• DATA BELOW
────────────────────

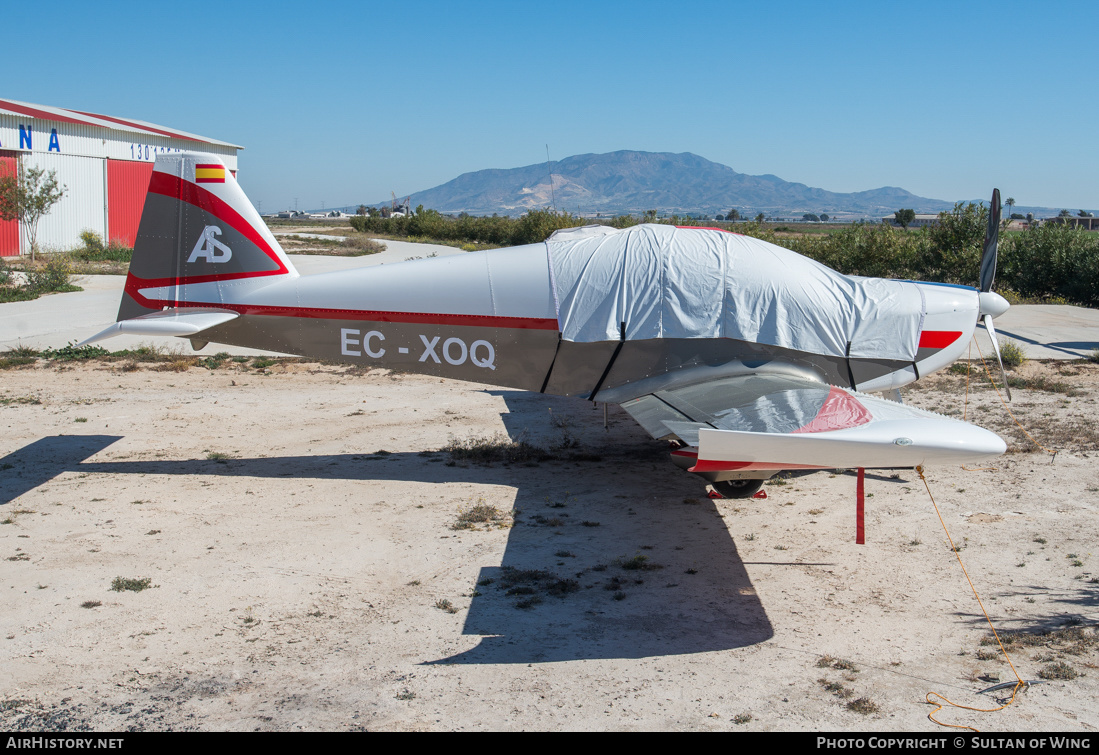 Aircraft Photo of EC-XOQ | Direct Fly Alto ... | AirHistory.net #130747
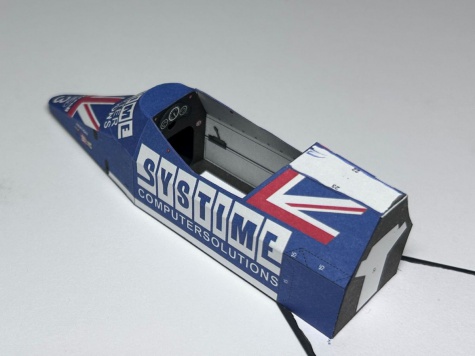 Tyrrell 012 Tyrrell 012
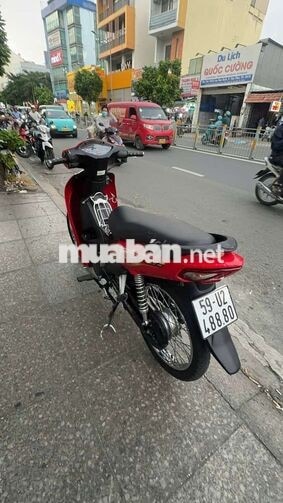 Honda Wave A 2022 Đỏ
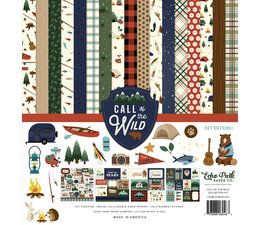 Call Of The Wild 12x12 Inch Collection Kit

────────────────────

• WORK REQUEST
No pictures belong in the copy. Repeat the listing above exactly.

• ANSWER SPACE
 Aircraft Photo of EC-XOQ | Direct Fly Alto ... | AirHistory.net #130747
 Tyrrell 012 Tyrrell 012
 Honda Wave A 2022 Đỏ
 Call Of The Wild 12x12 Inch Collection Kit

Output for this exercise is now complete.